PROVIDED MATERIAL >>
::::

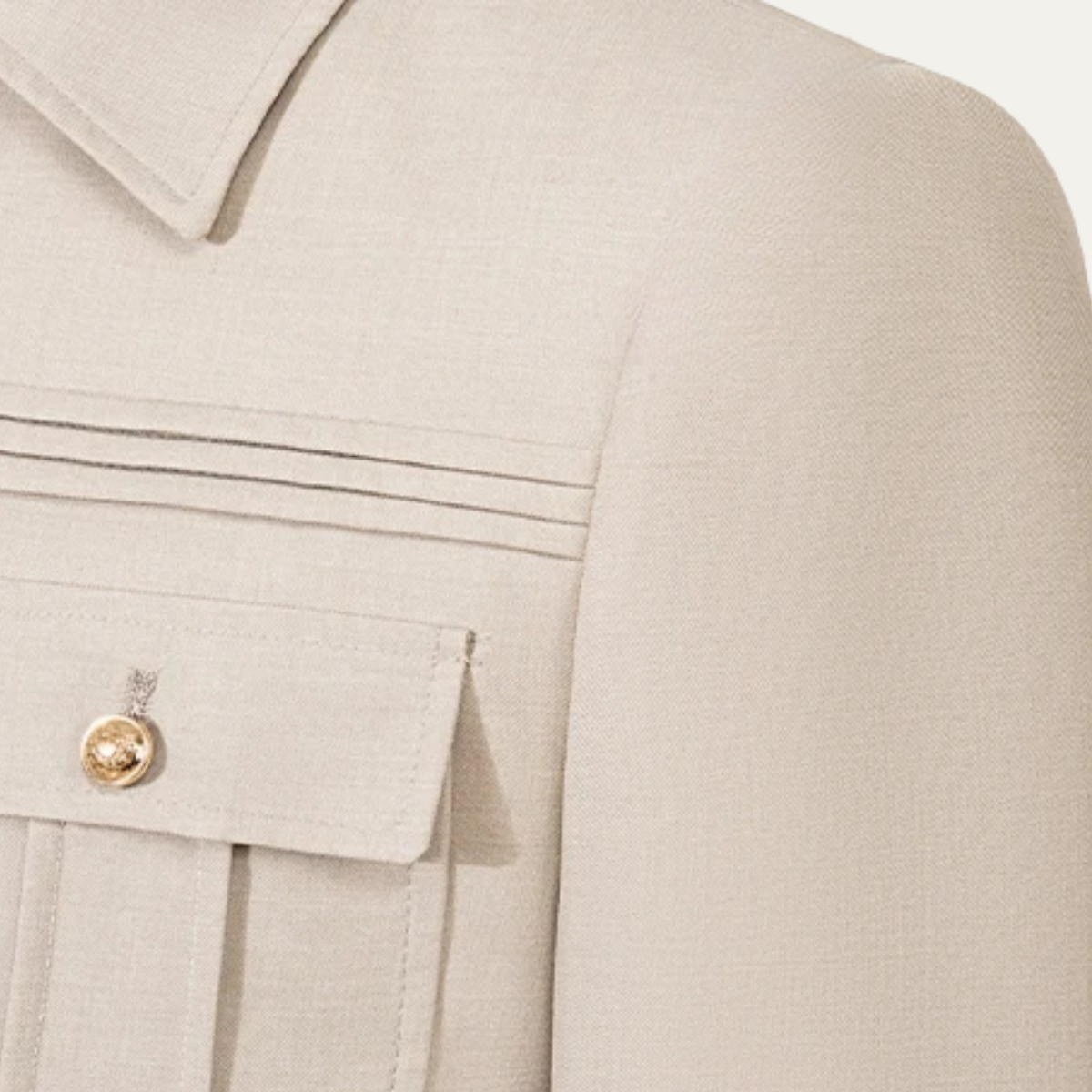 The Sassuolo Men's Military Style Suit Set – Slim Fit Jacket & Trousers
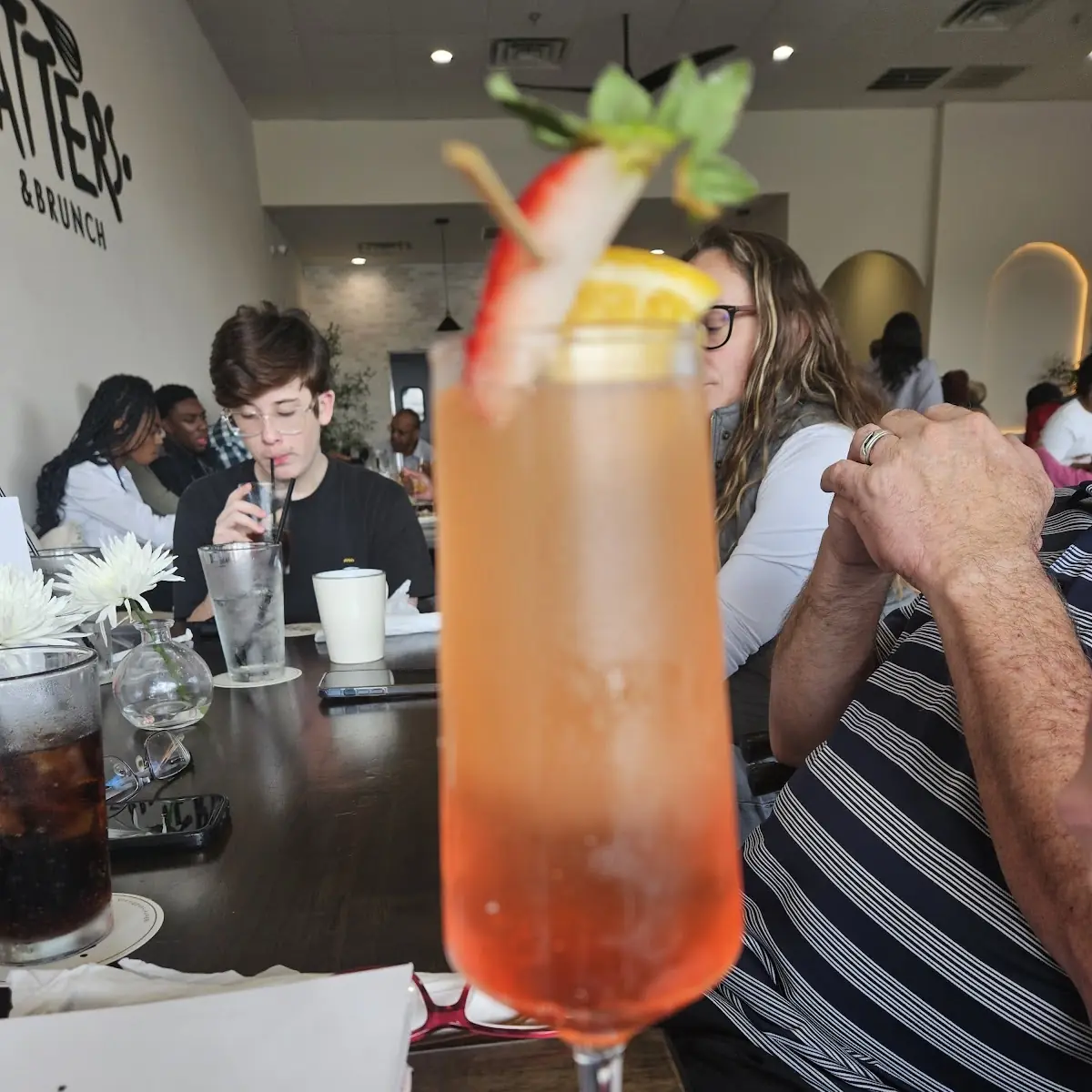 Strawberry Mimosa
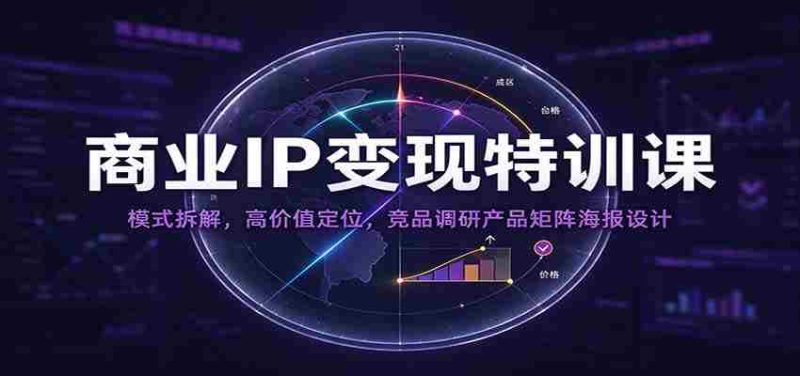 深度解锁商业IP变现密码:解析成功模式,精准定位高价值,深入分析竞品,构建产品矩阵与视觉海报-一起发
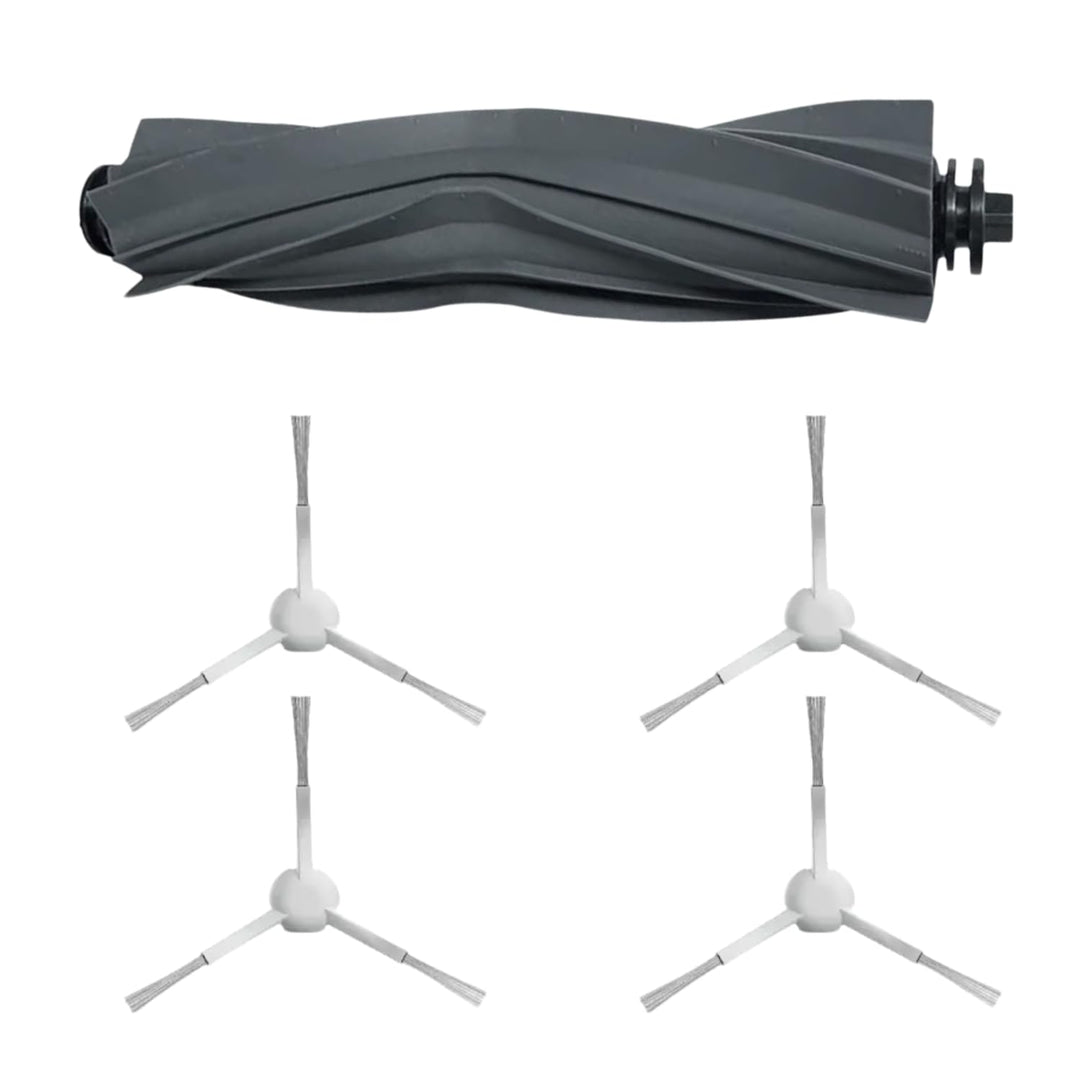 Roboparts® Set mit Hauptwalze V und 4 Seitenbürsten für Dreame D10 Plus/L10 Plus/Z10 Pro 5-in-1-pack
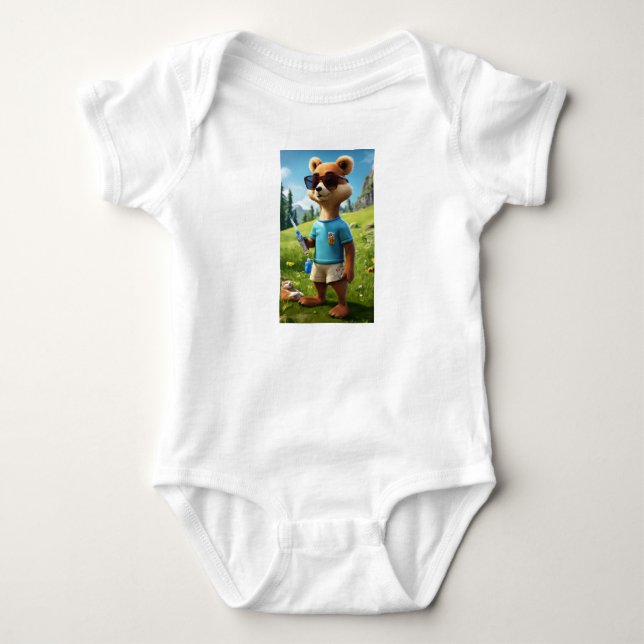 Meerkat Sunbathers: Find Your Perfect Tee!" Baby Bodysuit (Front)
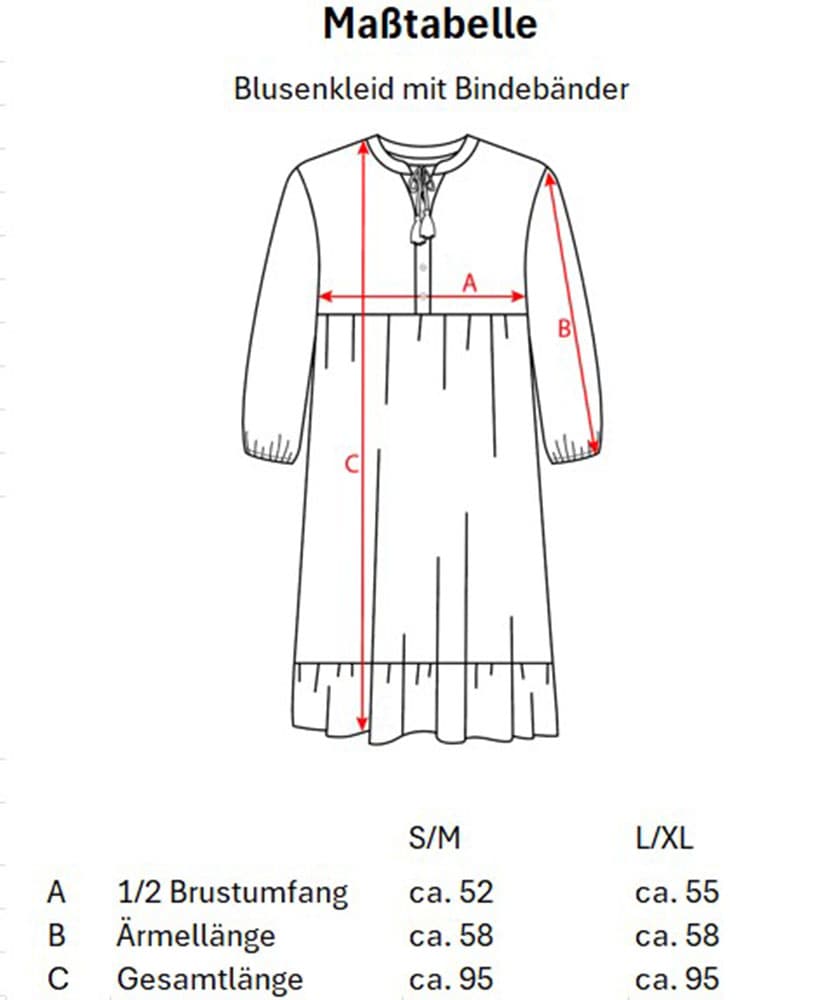 Zwillingsherz Tunikakleid, Zum Binden, mit Bommeln von zwillingsherz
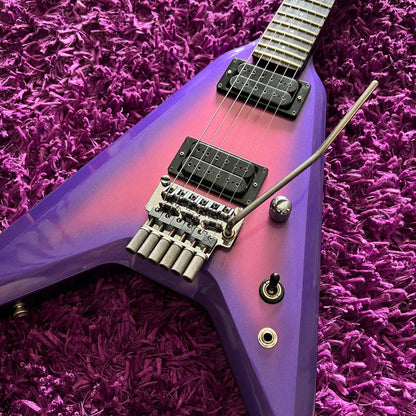1984 Greco Japan GTV-60 TUSK Flying V Purple Burst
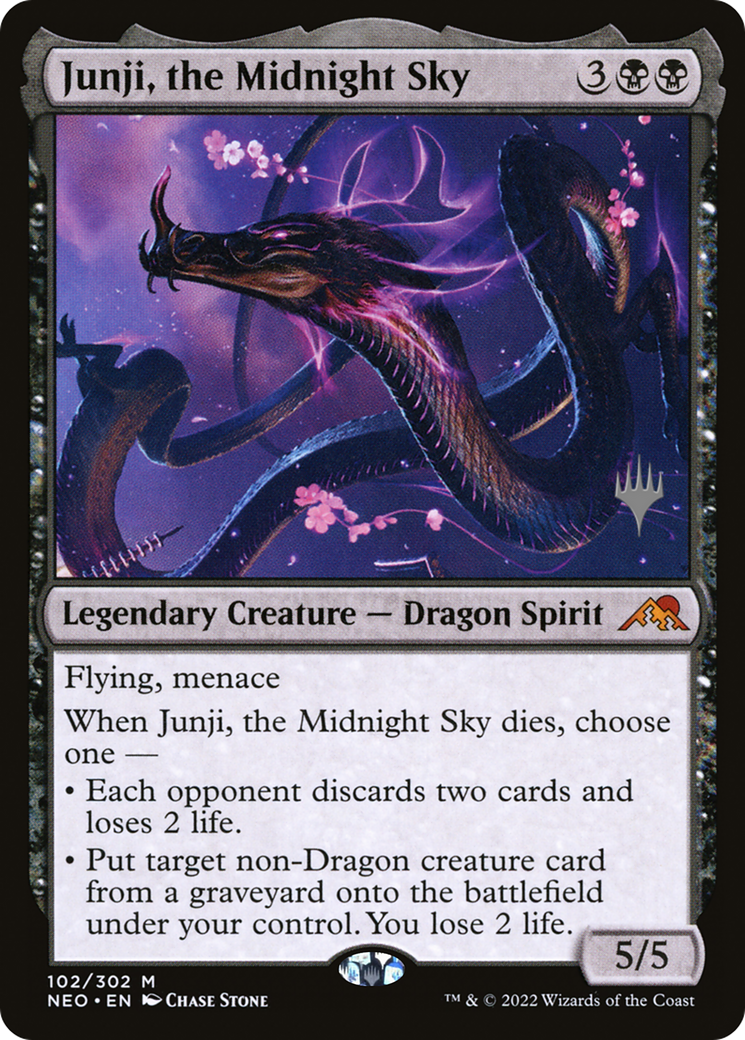 Junji, the Midnight Sky (PPNEO-102) [Promo Pack: Kamigawa: Neon Dynasty Promos]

::::

EXERCISE >> Whenever a picture appears, leave it out, and return every record exactly.

TASK RESPONSE >>
 The Sassuolo Men's Military Style Suit Set – Slim Fit Jacket & Trousers
 Strawberry Mimosa
 深度解锁商业IP变现密码:解析成功模式,精准定位高价值,深入分析竞品,构建产品矩阵与视觉海报-一起发
 Roboparts® Set mit Hauptwalze V und 4 Seitenbürsten für Dreame D10 Plus/L10 Plus/Z10 Pro 5-in-1-pack
 Meerkat Sunbathers: Find Your Perfect Tee!" Baby Bodysuit (Front)
 Zwillingsherz Tunikakleid, Zum Binden, mit Bommeln von zwillingsherz
1984 Greco Japan GTV-60 TUSK Flying V Purple Burst
 Junji, the Midnight Sky (PPNEO-102) [Promo Pack: Kamigawa: Neon Dynasty Promos]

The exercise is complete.